Unlocking Carbon Dioxide Photoreduction Potential of Graphene-Derived Catalysts: Mechanisms, Product Selectivity, and Challenges

Abstract

The escalating concentration of carbon dioxide (CO2) in the atmosphere necessitates innovative strategies to address global warming and simultaneously harness its potential as a valuable resource. To offset CO2 emissions, heterogenous photocatalysis emerges as a promising technology to photochemically reduce CO2 into value-added chemicals using specially designed photocatalysts. However, photocatalysts mediating CO2 photoreduction often encounter some intrinsic challenges like low specific surface area, inefficient charge separation, narrow visible light absorption, and inadequate stability. Graphene-based materials has emerged as a probable solution to address these hurdles, providing enormous specific surface area, excellent electron mobility, and robust chemical stability, which collectively enhance CO2 conversion efficiency and ensure durable photocatalyst performance. This review delves into the forefront of visible light assisted photocatalytic reduction of CO2, with a particular focus on graphene-based photocatalysts.
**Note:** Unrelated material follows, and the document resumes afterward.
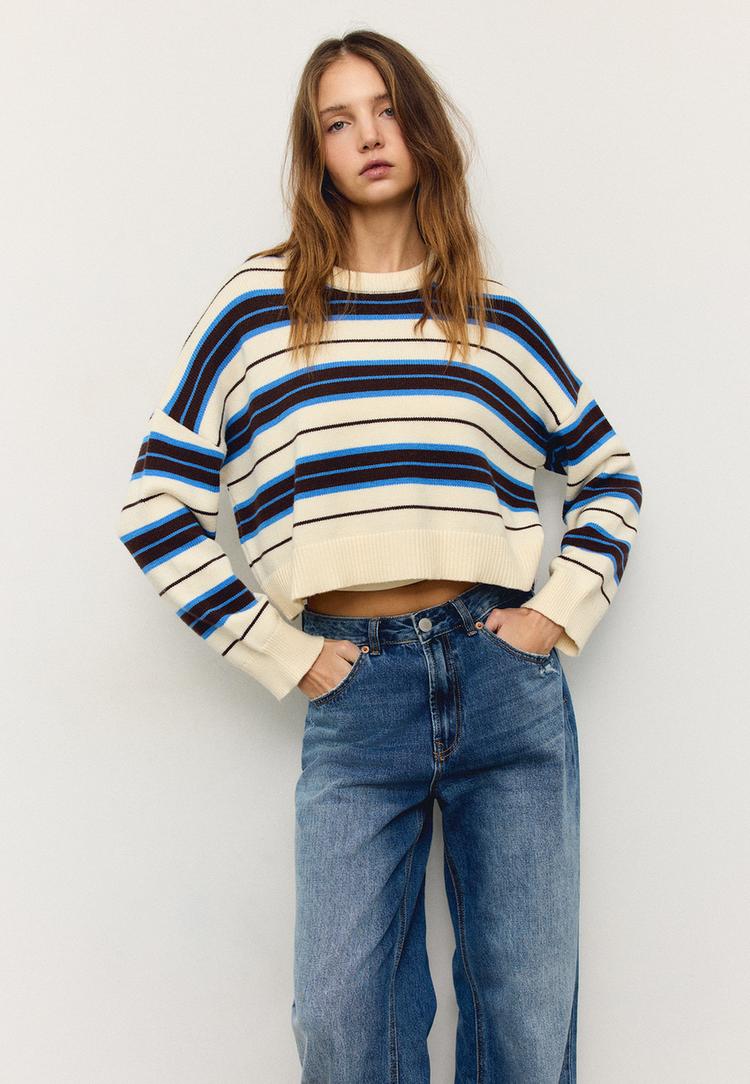 Stradivarius Κοντό Πλεκτό Πουλόβερ Ριγέ Καφέ M φωτογραφία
The goal is to uncover sustainable solutions that utilize visible light to catalyze the reduction of CO2, offering an eco-friendly alternative to fossil fuels, while simultaneously acting as a carbon sink by capturing atmospheric CO2. This review canvasses the constraints and challenges of graphene-based composites, encompassing their synthesis techniques and performance efficacy, and provides an outlook on the various product selectivity during CO2 photoreduction. A brief overview of the potential products obtained from CO2 photoreduction, with an insight into their plausible mechanism for the production of solar fuel and value-added chemicals, is summarized. This timely review, therefore, aspires to expatiate the recent advances in CO2 capture and sequestration using graphene-based heterogeneous photocatalysis.